TWA has not demonstrated that it will be prejudiced by consolidation of the cases. That it may have to defend itself against inconsistent claims does not mean that it will be forced to present inconsistent defenses. Its position at trial as indicated in its answers
Furthermore, although it is clear that on the present state of the record consolidation is appropriate, it need not irrevocably freeze the course of the litigation. If issues arise hereafter which ought justly to be tried separately, defendant may then move for a separate trial of any such issue pursuant to F.R.Civ.P. Rule 42(b).
Defendant’s reliance on DuPont v. Southern Pacific Co., 366 F.2d 193 (5th Cir. 1966), is misplaced. In that case the Fifth Circuit held that it was an abuse of discretion for the trial court to order consolidation where two sets of plaintiffs with opposing interests were represented by the same lead counsel. In the instant case no such danger exists because the plaintiff in the De Figueiredo case and the plaintiffs in the Maguire case are represented by different counsel.

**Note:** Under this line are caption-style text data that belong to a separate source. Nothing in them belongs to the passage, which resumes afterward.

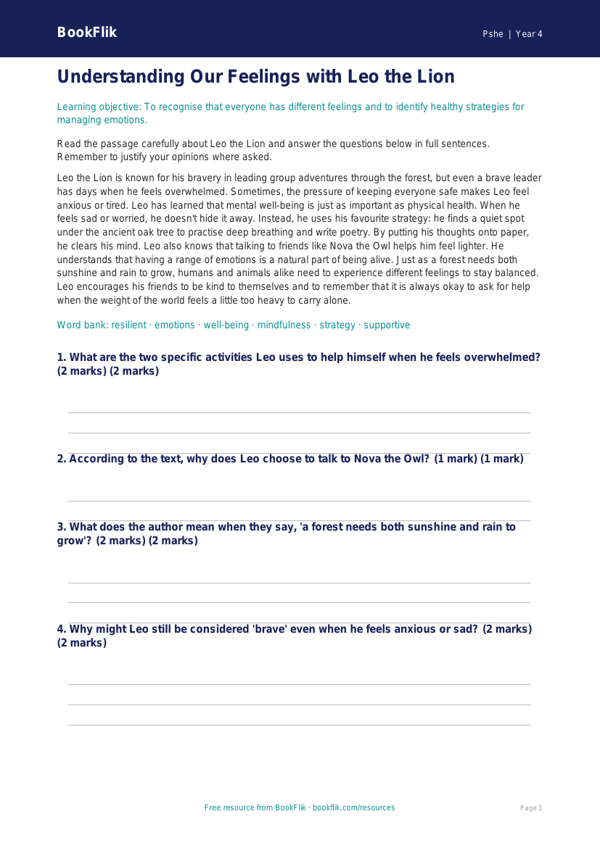 Mental Health Comprehension Year 4 | HASS & Wellbeing | BookFlik worksheet preview — Pshe Mental Health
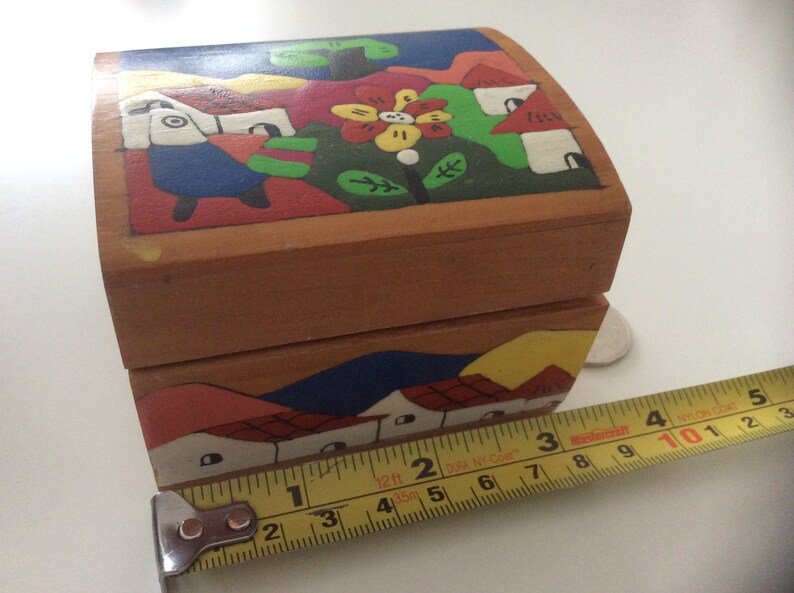 La Palma Folk Art from El Salvador Painted Real Wood Jewelry Box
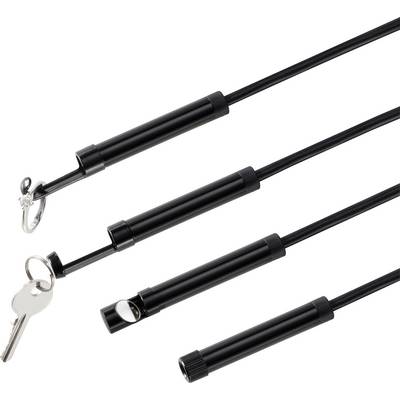 Quatre cadenas de vélo noirs, chacun avec sa propre clé. Les cadenas sont allongés et possèdent des mécanismes de verrouillage différents.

Nor do the cases of Atkinson v. Roth, 297 F.2d 570 (3d Cir. 1961), and Capstraw v. New York Central R. R. Co., 15 F.R.D. 267 (N.D.N.Y.1954), relied upon by defendant, compel a different result. In Atkinson, the court stated that consolidation was improper where confusion and harm would result from the fact that plaintiff in one action was the defendant in the other action. Those facts do not apply in this case. The only possible source of “confusion” here is Local 550’s status as a party plaintiff in the Maguire case and as a party defendant in the De Figueiredo case; but this superficial paradox is no paradox at all, since Local 550 supports the claims of the hostesses and opposes those of the pursers.
Capstraw involved two actions against a railroad arising out of a collision: one suit instituted by the plaintiff engineer, the other by a plaintiff brakeman. There the “serious obstacle” to consolidation was an evidentiary problem concerning the dismissal notice from the railroad to the engineer after the accident. The court stated that it would have been an impossible task for the jury to consider the admission as to one plaintiff and to disregard it as to the other. No such obstacle exist,s here.
The motion to consolidate is granted, without prejudice to defendant TWA’s right to move hereafter for a separate trial should further discovery of evidence or future circumstances warrant. The motion to join Local 550 as a party defendant in the De Figueiredo case is granted.
. The De Figueiredo ease was determined by Judge Cooper on October 2, 1971, not to have been properly brought as a class action.
. Paragraph 11 of the answer in the De Figueiredo litigation and paragraphs VI and VII of the answer in the Maguire case.